Been working with 2 PCIE Fusion cards testing out performance for my SQL Server simulation database.  I also have a raid set of 3 Intel X25-E SSDs.  This is a technology to take seriously.  The folks at Fusion have been most helpful.  I will be putting together more results over next couple of weeks, but the below spreadsheet outlines the case for PCIE based cards.  I am using 1 Fusion IODrive 320GB in a Dell 690, one SLC 160GB drive in a Dell R610 and have another 160GB SLC on the way to put into the R610.  Would love to try out a duo, but out of budget.   I was able to install Windows Server 2008 and fire up the O/S in about 4 minutes onto a VM under Hyper-V using the card.  I plan to do it again with 2 cards raid-0 together and put it on UTube – should finish in less than 2 minutes. 

These cards are a great option for 1U Servers.  The Dell 1U Server is fairly limited as far as card slots.  To run 2 cards, I had to remove the extra network card to make room for a second Fusion, since there is also a Perc Controller card in the system.  So, I had to choose between network redundancy and storage performance/redundancy in order to also have a fast onboard storage controller.  A better option is probably to use DUO cards for these servers or get them without the Perc controller and just use onboard for bootup/OS.  In any case, 1 Fusion SLC is going to outperform 6 SSDs for most operations, even if on paper the 6 SSDs together might look better because the controller becomes a bottleneck, even with SATA III, especially if you want to have RAID protection.  The nice thing about the Fusion card is that a RAID-5 protocol is built into the interface as parity chips are used for write operations.  For a production system, I would still probably want to RAID-1 2 cards together, to guard against a complete card failure.
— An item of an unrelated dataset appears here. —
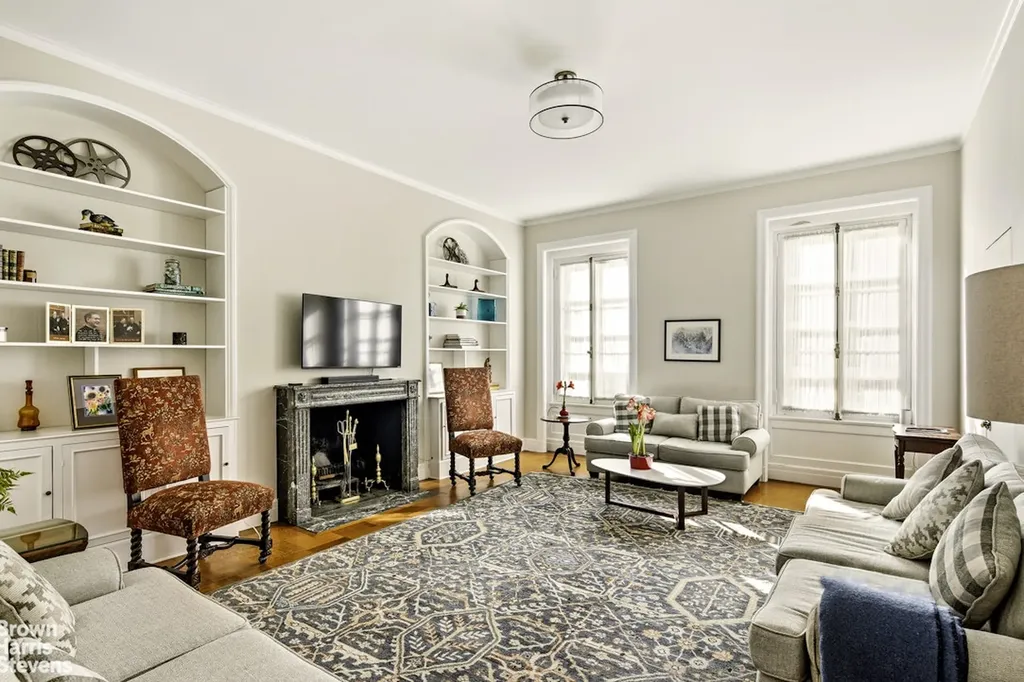 117 E 70th Street New York City NY 10021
For now, I have results in the attached spreadsheet from my old Dell 690 workstation showing IOMeter results for standard drive, multiple Intel SLC SSDs, and a Fusion 320 card running in “improved performance mode”.  As you can see when reaching higher queue depths, a single Fusion IO is roughly twice as quick as 3 SLC SSDs raided together and dozens of times faster than standard hard drives and about half as slow as an in-memory RAM disk.  In my stock simulation database, I am now loading intraday data, and have several million rows.  The other day, I added a new computed persisted field to one of the tables and it took less than 2 minutes to update over 3 million rows. 

That’s all I have time for now, will post more hopefully over next couple of weeks including results of using 2 Fusion-IO 160GB SLC cards in a R610 and some comparison differences with SQL Server running on the Fusion cards versus standard storage and the Intel SSDs.